Paying the bills on JPJ
The news that the University of Virginia is still trying to finish out the fund-raising portion of its campaign to build a new basketball arena is not exactly of the breaking variety.
Times-Dispatch reporter and friend of the "Nation" Jeff White reported today that the school is about $18 million short of its $130 million goal - which it had hoped to have met by the time the new John Paul Jones Arena opened this summer.
"It's been a challenge," Dirk Katstra, the executive director of the Virginia Athletics Foundation, the fund-raising arm for UVa. athletics, told the T-D.
"A $130 million building, all privately funded, with a pretty short timetable to get it done.

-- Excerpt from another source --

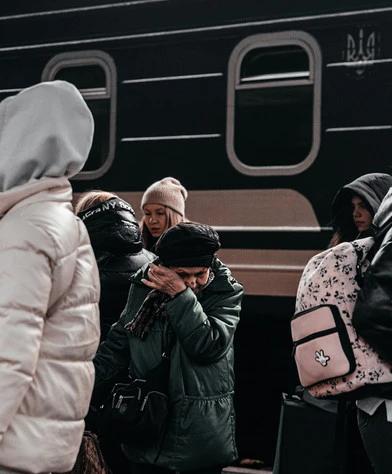 0925F41D-5201-4D82-90DB-DE088E158B55.jpeg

Every gift you miss on, you've got to make up someplace else," Katstra said.
The political climate in the Commonwealth is a big part of the reason the fund-raising part of the project is behind schedule. Recent arena-construction projects at North Carolina State University and the University of Maryland were done with significant public-funding support. The UVa. project, as Katstra referenced, is being done entirely by the school - to the point that the university picked up the tab for a connector road linking JPJ to the U.S. 250-U.S. 29 bypass to its west.
"To do what they're doing at Virginia would certainly be challenging," said Joe Hull, the senior associate director of athletics at the University of Maryland who was the project manager for the development effort that led to the opening of the Comcast Center in 2002, in an interview done for Mad About U, a book that I am coauthoring with "ACC Nation" cohost Patrick Hite that is slated for release on Oct. 5.
The $126 million, 17,500-seat Comcast Center was financed to a great degree by Maryland taxpayers - with public dollars accounting for $58 million of the $108 million arena-construction costs and another $18 million in transportation costs, according to figures provided by Hull.
"Primarily what it does is it affects how you go about doing what you do. Because we didn't have as many pressures related to the money that we had available at our disposal, we were able to make decisions with respect to the construction of the building based on what was for the best of the building and the best of the university without having to worry as much about the impact on the bottom line," Hull said.
That's where Katstra's focus is right now - on the bottom line.
"We're going to keep needing to raise money to support the project. We're hopeful we can get to $130 [million] soon and then figure out where we go from there," Katstra said.
- Chris Graham

1 Comments:

At 3:37 PM, Blogger ACC Nation said...

To be honest, we're not just shocked that the Evil Q is endorsing the book, but that he can read in the first place.